I had some time to attach a UART console to the TTIG.
Yesterday at around 7:30 pm I booted the node and the TTIG. In the first few minutes I sent a few dummy downlink messages to verify that the downlink is working. The node sends an uplink message every 5 minutes.
After 64 uplink messages the node forced an ADR request which was sent through the TTIG and successfully processed. I can see in the logs that the Node switched to SF7.
After the next 64 uplink messages the node again forced an ADR request which was sent by TTN but never received on the node and thus TTN repeated the ADR until I woke up in the morning.
Now it gets pretty strange and I’m happy for any idea that could shed some light on this.
The following log of the TTIG shows a dummy message I sent yesterday to check if downlink works:
Uplink: 407E2301268003000117E557EABB56F570042D
Dowlink: 607E2301268501000341FF0001BBF92DB0390B
2019-12-04 18:31:27.052 [any:INFO] HW pipe: PowerFolder node: [1337]-[F7DQCVTLdrGprAbCfys1]
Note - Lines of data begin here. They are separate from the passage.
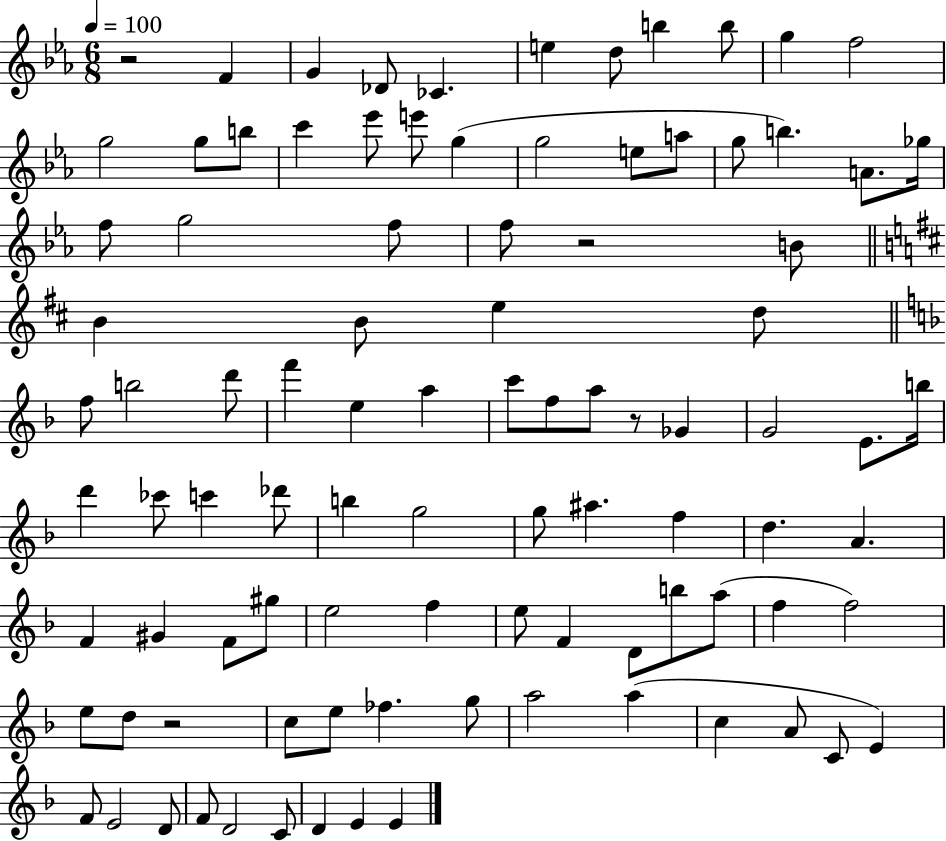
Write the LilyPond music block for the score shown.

{
  \clef treble
  \numericTimeSignature
  \time 6/8
  \key ees \major
  \tempo 4 = 100
  r2 f'4 | g'4 des'8 ces'4. | e''4 d''8 b''4 b''8 | g''4 f''2 | \break g''2 g''8 b''8 | c'''4 ees'''8 e'''8 g''4( | g''2 e''8 a''8 | g''8 b''4.) a'8. ges''16 | \break f''8 g''2 f''8 | f''8 r2 b'8 | \bar "||" \break \key d \major b'4 b'8 e''4 d''8 | \bar "||" \break \key d \minor f''8 b''2 d'''8 | f'''4 e''4 a''4 | c'''8 f''8 a''8 r8 ges'4 | g'2 e'8. b''16 | \break d'''4 ces'''8 c'''4 des'''8 | b''4 g''2 | g''8 ais''4. f''4 | d''4. a'4. | \break f'4 gis'4 f'8 gis''8 | e''2 f''4 | e''8 f'4 d'8 b''8 a''8( | f''4 f''2) | \break e''8 d''8 r2 | c''8 e''8 fes''4. g''8 | a''2 a''4( | c''4 a'8 c'8 e'4) | \break f'8 e'2 d'8 | f'8 d'2 c'8 | d'4 e'4 e'4 | \bar "|."
}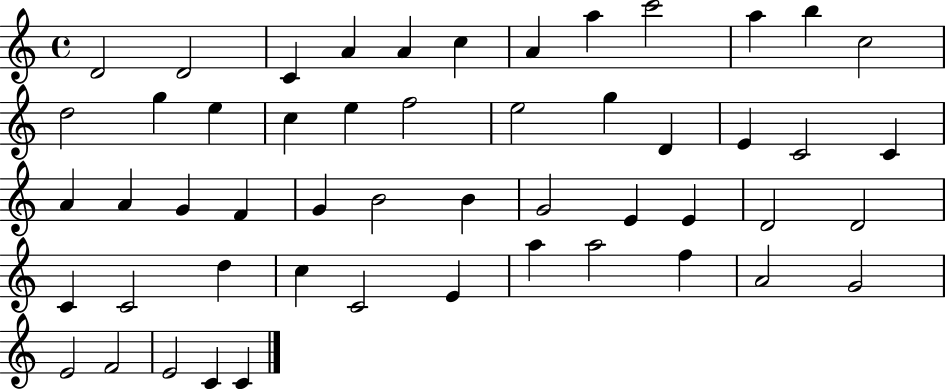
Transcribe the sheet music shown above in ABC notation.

X:1
T:Untitled
M:4/4
L:1/4
K:C
D2 D2 C A A c A a c'2 a b c2 d2 g e c e f2 e2 g D E C2 C A A G F G B2 B G2 E E D2 D2 C C2 d c C2 E a a2 f A2 G2 E2 F2 E2 C C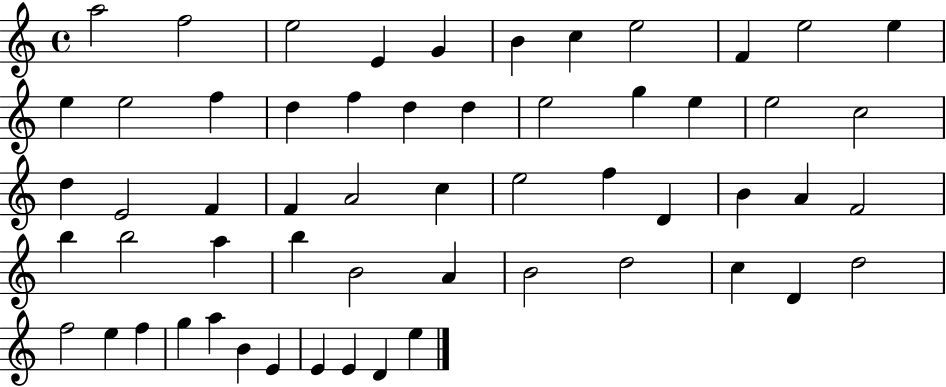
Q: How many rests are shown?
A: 0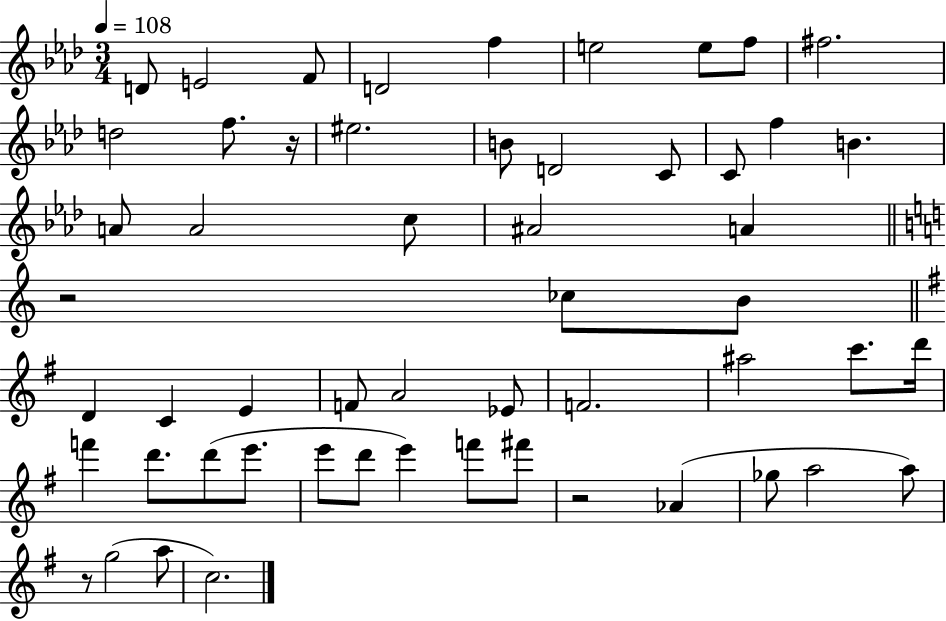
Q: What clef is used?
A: treble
2019-12-04 18:31:33.444 [SYN:INFO] MCU/SX1301 drift stats: min: 0.0ppm q50: 1.9ppm q80: 2.9ppm max: 3.3ppm - threshold q90: 2.9ppm
2019-12-04 18:31:33.449 [SYN:INFO] Avg MCU drift vs SX1301#0: 1.0ppm
2019-12-04 18:31:42.590 [S2E:VERB] RX 868.3MHz DR2 SF10/BW125 snr=10.5 rssi=-10 xtime=0x7F0000394564DC - updf mhdr=40 DevAddr=2601237E FCtrl=80 FCnt=3 FOpts= 0117E557…BB56 mic=755265781 (19 bytes)
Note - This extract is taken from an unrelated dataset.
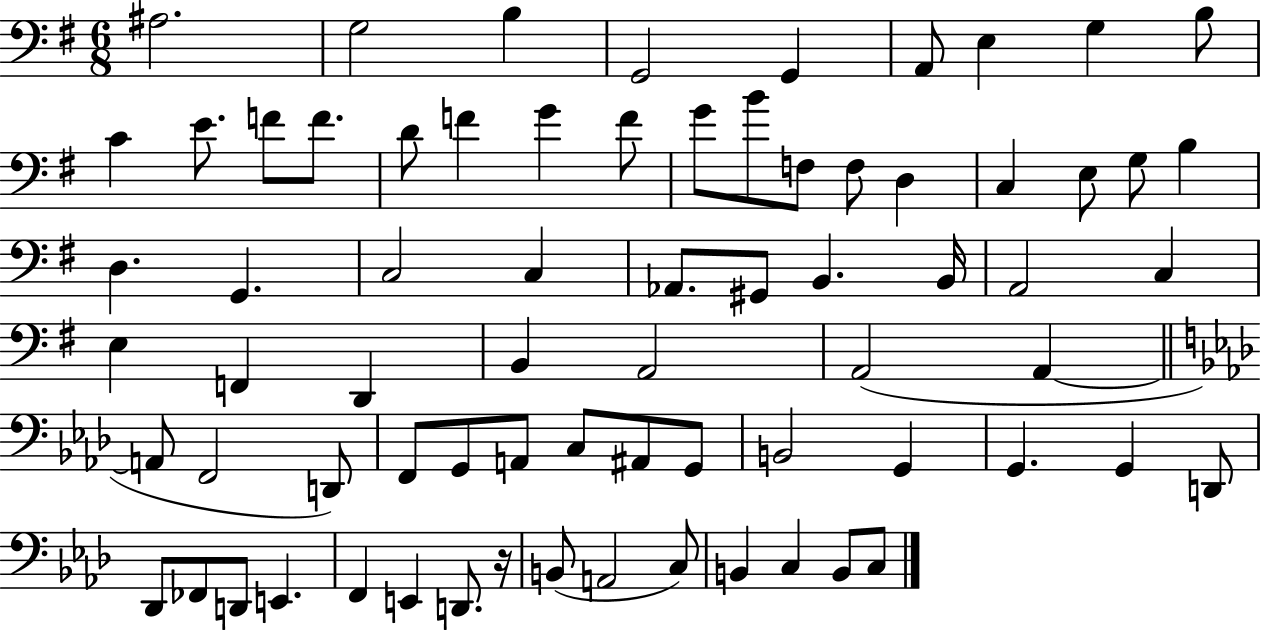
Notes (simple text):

A#3/h. G3/h B3/q G2/h G2/q A2/e E3/q G3/q B3/e C4/q E4/e. F4/e F4/e. D4/e F4/q G4/q F4/e G4/e B4/e F3/e F3/e D3/q C3/q E3/e G3/e B3/q D3/q. G2/q. C3/h C3/q Ab2/e. G#2/e B2/q. B2/s A2/h C3/q E3/q F2/q D2/q B2/q A2/h A2/h A2/q A2/e F2/h D2/e F2/e G2/e A2/e C3/e A#2/e G2/e B2/h G2/q G2/q. G2/q D2/e Db2/e FES2/e D2/e E2/q. F2/q E2/q D2/e. R/s B2/e A2/h C3/e B2/q C3/q B2/e C3/e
2019-12-04 18:31:43.855 [S2E:DEBU] ::0 diid=6678 [ant#0] - next TX start ahead by 716ms365us
2019-12-04 18:31:44.562 [S2E:VERB] ::0 diid=6678 [ant#0] - starting TX in 19ms903us
2019-12-04 18:31:44.577 [S2E:INFO] TX ::0 diid=6678 [ant#0] - dntxed: 869.525MHz 27.0dBm ant#0(0) DR3 SF9/BW125 frame=607E2301268501000341FF00…2DB0390B
2019-12-04 18:31:44.736 [S2E:DEBU] Tx done diid=6678
The log looks sane and the message was received.
This morning I check what happened with the repeated ADR request downlinks that are not received anymore:
Uplink: 407E23012680A00001956AC0556A50E43CFAAC
Downlink: 607E2301268531000355070001E3CC1762
2019-12-05 07:48:19.726 [SYN:VERB] Time sync rejected: quality=1070 threshold=1059
2019-12-05 07:48:23.932 [SYN:INFO] Time sync qualities: min=1049 q90=1069 max=1445 (previous q90=1059)
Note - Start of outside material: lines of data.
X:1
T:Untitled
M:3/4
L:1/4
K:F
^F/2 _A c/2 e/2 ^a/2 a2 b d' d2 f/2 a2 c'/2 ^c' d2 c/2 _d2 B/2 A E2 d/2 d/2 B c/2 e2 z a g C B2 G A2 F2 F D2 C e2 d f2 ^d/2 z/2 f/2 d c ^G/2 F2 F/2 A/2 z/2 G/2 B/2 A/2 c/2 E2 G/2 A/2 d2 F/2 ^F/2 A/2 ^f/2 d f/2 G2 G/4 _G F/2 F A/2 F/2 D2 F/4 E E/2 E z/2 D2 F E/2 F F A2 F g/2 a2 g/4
2019-12-05 07:48:24.654 [S2E:VERB] RX 868.1MHz DR0 SF12/BW125 snr=10.2 rssi=-25 xtime=0xC2000ADA06D8C4 - updf mhdr=40 DevAddr=2601237E FCtrl=80 FCnt=160 FOpts= 01956AC0…6A50 mic=-1392886556 (19 bytes)
2019-12-05 07:48:46.238 [S2E:VERB] ::0 diid=43454 [ant#0] - starting TX in 19ms822us
2019-12-05 07:48:46.254 [S2E:INFO] TX ::0 diid=43454 [ant#0] - dntxed: 869.525MHz 27.0dBm ant#0(0) DR3 SF9/BW125 frame=607E230126A5230003550700…FA35372F
2019-12-05 07:48:46.413 [S2E:DEBU] Tx done diid=43454
2019-12-05 07:48:46.415 [S2E:DEBU] ::0 diid=43695 [ant#0] - next TX start ahead by 5m4s
2019-12-05 07:48:47.061 [SYN:VERB] Time sync rejected: quality=2068 threshold=1069
Look at the timestamps when the downlink is sent. It is sent 21.6 seconds after the uplink packet is received. If you look at the downlink frame payload you can see that it does not match the downlink TTN sent. The frame counter value of the TTN downlink is 49 whereas the value of the frame that is sent is 35.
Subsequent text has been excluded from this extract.